━━━━━ Source material ━━━━━
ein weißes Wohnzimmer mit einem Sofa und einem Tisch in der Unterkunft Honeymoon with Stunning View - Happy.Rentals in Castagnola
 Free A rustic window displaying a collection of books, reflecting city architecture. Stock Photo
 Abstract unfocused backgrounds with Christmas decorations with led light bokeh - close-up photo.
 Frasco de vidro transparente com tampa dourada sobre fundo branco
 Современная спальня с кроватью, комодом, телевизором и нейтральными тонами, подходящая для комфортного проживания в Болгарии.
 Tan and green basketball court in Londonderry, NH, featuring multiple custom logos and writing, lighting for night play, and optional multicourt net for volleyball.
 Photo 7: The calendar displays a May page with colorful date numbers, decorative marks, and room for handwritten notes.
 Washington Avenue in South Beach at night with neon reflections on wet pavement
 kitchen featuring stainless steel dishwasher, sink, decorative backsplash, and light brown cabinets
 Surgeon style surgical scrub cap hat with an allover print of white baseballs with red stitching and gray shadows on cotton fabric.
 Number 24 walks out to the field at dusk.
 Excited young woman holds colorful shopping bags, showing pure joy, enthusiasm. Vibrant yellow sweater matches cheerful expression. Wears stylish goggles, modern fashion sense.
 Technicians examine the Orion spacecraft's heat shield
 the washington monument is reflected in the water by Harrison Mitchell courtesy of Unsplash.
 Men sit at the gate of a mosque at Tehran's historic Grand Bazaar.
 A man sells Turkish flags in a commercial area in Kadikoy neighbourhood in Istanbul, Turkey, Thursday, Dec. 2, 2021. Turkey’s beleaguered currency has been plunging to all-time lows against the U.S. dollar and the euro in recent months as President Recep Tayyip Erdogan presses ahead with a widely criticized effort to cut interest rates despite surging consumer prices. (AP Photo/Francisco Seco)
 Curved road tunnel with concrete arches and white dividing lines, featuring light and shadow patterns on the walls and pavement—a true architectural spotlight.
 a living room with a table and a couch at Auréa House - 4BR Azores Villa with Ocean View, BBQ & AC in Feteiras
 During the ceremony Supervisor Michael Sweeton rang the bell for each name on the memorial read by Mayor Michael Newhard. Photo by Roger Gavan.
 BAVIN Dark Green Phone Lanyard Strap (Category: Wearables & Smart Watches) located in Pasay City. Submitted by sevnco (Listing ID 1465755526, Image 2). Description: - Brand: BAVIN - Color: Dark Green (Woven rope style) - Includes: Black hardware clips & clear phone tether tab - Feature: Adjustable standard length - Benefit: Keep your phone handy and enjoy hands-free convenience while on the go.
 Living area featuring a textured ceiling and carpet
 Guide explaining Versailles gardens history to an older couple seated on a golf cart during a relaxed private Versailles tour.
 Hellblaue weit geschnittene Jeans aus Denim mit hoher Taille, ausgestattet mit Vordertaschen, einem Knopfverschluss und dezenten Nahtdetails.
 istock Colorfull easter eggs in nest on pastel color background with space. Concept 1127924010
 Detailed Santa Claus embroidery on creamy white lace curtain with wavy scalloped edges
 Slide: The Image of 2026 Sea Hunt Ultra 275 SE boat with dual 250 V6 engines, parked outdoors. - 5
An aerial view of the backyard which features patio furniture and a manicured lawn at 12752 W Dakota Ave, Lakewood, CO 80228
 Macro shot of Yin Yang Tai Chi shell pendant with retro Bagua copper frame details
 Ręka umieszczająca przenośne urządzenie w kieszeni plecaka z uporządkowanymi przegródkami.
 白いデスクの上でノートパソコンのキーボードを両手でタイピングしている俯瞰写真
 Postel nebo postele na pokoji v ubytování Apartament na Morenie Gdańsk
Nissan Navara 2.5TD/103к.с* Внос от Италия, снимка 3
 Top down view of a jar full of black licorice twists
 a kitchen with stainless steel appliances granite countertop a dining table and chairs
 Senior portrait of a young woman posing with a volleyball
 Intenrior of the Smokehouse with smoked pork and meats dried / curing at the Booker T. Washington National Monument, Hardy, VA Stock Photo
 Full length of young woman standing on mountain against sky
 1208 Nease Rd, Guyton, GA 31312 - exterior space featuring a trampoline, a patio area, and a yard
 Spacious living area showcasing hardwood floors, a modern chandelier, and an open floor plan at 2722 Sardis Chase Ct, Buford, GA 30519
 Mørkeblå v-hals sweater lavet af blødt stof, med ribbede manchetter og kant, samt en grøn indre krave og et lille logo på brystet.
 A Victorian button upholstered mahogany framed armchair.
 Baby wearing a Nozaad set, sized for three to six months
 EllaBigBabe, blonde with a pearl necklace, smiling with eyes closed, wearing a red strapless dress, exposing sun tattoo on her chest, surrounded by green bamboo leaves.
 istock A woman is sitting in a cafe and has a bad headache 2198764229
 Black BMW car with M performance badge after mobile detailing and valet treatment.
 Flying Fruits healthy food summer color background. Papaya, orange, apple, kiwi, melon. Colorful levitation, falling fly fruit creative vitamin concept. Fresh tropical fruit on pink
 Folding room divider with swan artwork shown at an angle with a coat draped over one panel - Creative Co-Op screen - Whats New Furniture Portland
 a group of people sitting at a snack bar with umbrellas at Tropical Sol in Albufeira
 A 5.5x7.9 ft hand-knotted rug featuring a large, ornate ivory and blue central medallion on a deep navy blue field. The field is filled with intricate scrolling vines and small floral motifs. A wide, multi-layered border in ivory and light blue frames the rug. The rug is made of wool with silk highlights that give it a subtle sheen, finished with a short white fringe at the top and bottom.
━━━━━
**Problem**
Count the lines of the data that include the string "steel", and give only that number.

**Exercise result**
2